Because Lab space is much larger than the gamut of computer displays, printers, or even human vision, a bitmap image represented as Lab requires more data per pixel to obtain the same precision as an RGB or CMYK bitmap. In the 1990s, when computer hardware and software was mostly limited to storing and manipulating 8 bit/channel bitmaps, converting an RGB image to Lab and back was a lossy operation. With 16 bit/channel support now common, this is no longer such a problem.
Additionally, many of the “colors” within Lab space fall outside the gamut of human vision, and are therefore purely imaginary; these “colors” cannot be reproduced in the physical world. Though color management software, such as that built in to image editing applications, will pick the closest in-gamut approximation, changing lightness, colorfulness, and sometimes hue in the process, author Dan Margulis claims that this access to imaginary colors is useful going between several steps in the manipulation of a picture
Hewlett Packard describes Lab color this way:
Lab Color Space Model
Lab is a theoretical color model that describes color in three planes: L, a, and b. This color model is not tied to any display/output device, as is the case with RGB and CMYK. This color model is consequently considered a 'device-independent' color model, and does not carry with it the inherent gamut limitations of monitors or printers. The three planes of Lab describe the following:
L = describes how light a color is (range = 0 to 100; higher numbers are lighter)
a = describes how red/green a color is (range = -128 to 127; + values are more red; - values are more green)
b = describes how yellow/blue a color is (range = -128 to 127; + values are more yellow; - values are more blue)
I love it --color you cannot see...the land of the it's there, believe me... the land of the imagination. Maybe the secret sauce?As you can see...this is a party that we need to better understand. It could be a nice tool to understand to establish a more consistent approach to our work and files depending of course on the end use(s) which often gets parsed to a wider range of uses that no one anticipates.
I need to finish up the first of my pics for Hartford. First one is a Buffalo head surrounded by yellow roses and a lone-star. Next is an image (or two) around the Cow-town designation that Fort Worth happily claims. And then, I need to jump into a chicken illustration and one of a very cute dog that I just met!
We are up at Sheldrake for sleeping and living after work for the next few days.
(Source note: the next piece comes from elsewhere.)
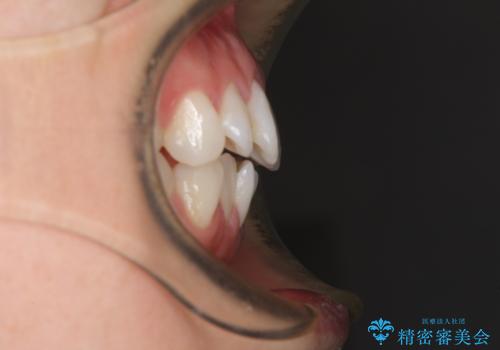 長年気にしていた前歯 インビザラインで目立たず改善の治療前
The little day lilies are bright green promises, the forsythia is in bud but no bursting branches. Its going to be cut those bushes down to nubbins after they bloom as they are enormous and we will have to strain to see the water if we don't do some massive chopping. No daffodils yet though the snowdrops have come and gone. Tiny tips of our fragrant hostas are pushing up--but just. It is such a privilege to see the sky colored water stretching out in front of us with the world waiting to burst with leaves and colors. And we are not talking LAB color. The real thing, please.